J.J. HILDER, Central Station, Brisbane Enlarge 1 /1


Toowoomba, Queensland, Australia 1881 – Hornsby, New South Wales, Australia 1916

Central Station, Brisbane 1908 Place made: Brisbane, Queensland, Australia
Materials & Technique: drawings, watercolours, paper; watercolour painting in watercolour Support: paper

Primary Insc: signed and dated lower right within image in watercolour, 'J. J. Hilder / 1908'. not titled.
Secondary Insc: no inscriptions.
Tertiary Insc: no inscriptions.
Dimensions: sheet 26.5 h x 20.5 w cm
Acknowledgement: Tim Fairfax AC and Gina Fairfax Fund 2014 100 Works for 100 Years
Accession No: NGA 2014.870
  • Purchased by the National Gallery of Ausytralia, from Philip Bacon Galleries, Brisbane, 2014.

During his short life, praise for the work of Jessie Jewhurst Hilder was effusive.
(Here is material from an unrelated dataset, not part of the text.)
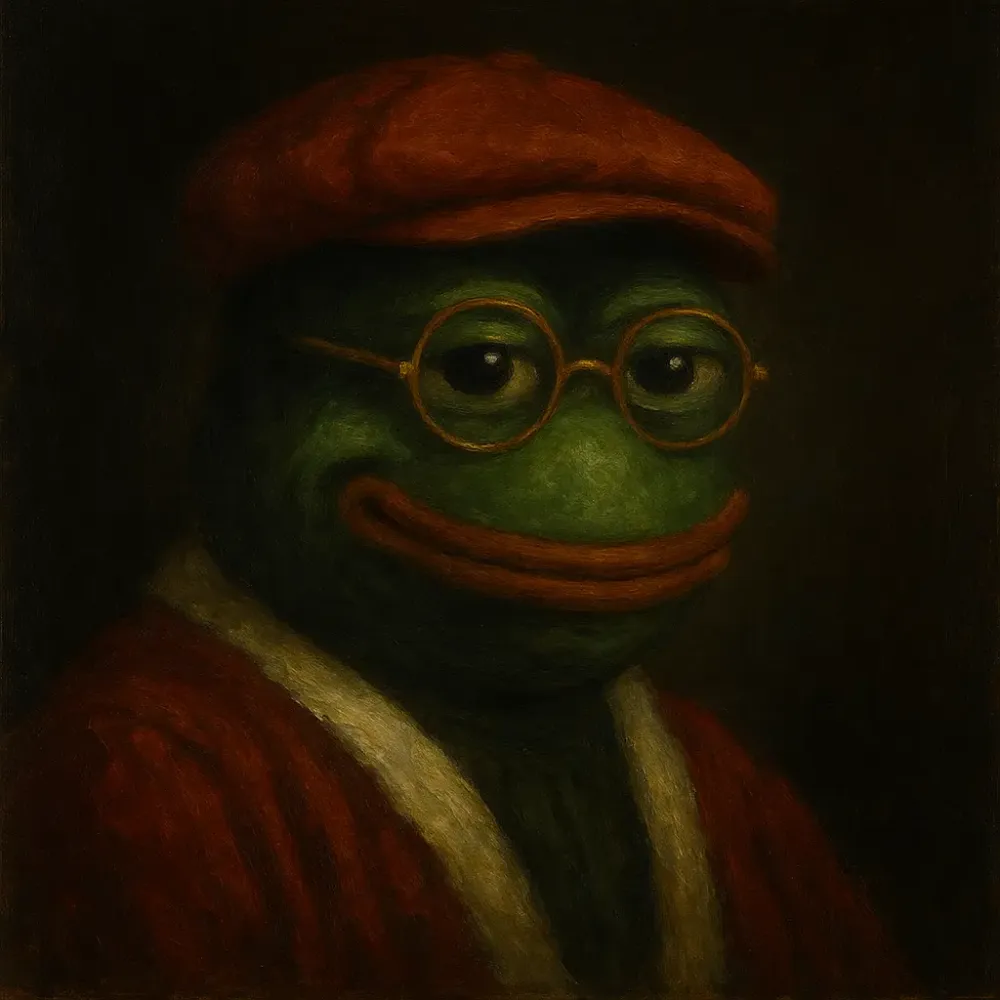 PFPEPE #34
When taken by a black mood, Sydney Ure Smith would go to ‘see the Hilders’ until gradually ‘filled with peace’. Arthur Streeton called him a genius. Harry Julius recalled the deftness with which Hilder separated the lyrical from the commonplace, selecting the compositional elements of his paintings as carefully as a poet picks words. After the grand gestures of the Heidelberg School, Hilder’s diminutive but visionary work in watercolour was regarded as something altogether new.

Painted from the bell tower of Saint Andrews Church in 1908, Central Station, Brisbane sees Hilder shift from the high-key pastoral paintings of his youth to a complex arrangement of carefully modulated colour. Daubed in glittering swathes of blue, the painting threatens to dissolve. But the resolute form of the station, and the asymmetrical sweep of the street, asserts the scene as one observed not invented. Hilder’s great talent lay in his ability to express the ephemeral nature of the most concrete subjects. This aptitude was heightened by his ill-health, a condition under which normalities seemed significant and the shortness of life keenly realised.

Born in Toowoomba in 1881, Hilder’s gift as a painter was evident as a child but he forged a career in banking through financial necessity. Fearing the disdain of his employers he signed some of his work under the pseudonym ‘Anthony Hood’. With the encouragement of his wife Phyllis Meadmore and artist Julian Ashton, he finally devoted himself to painting in 1909. Central Station, Brisbane is the most significant work by Hilder to enter the national collection to date.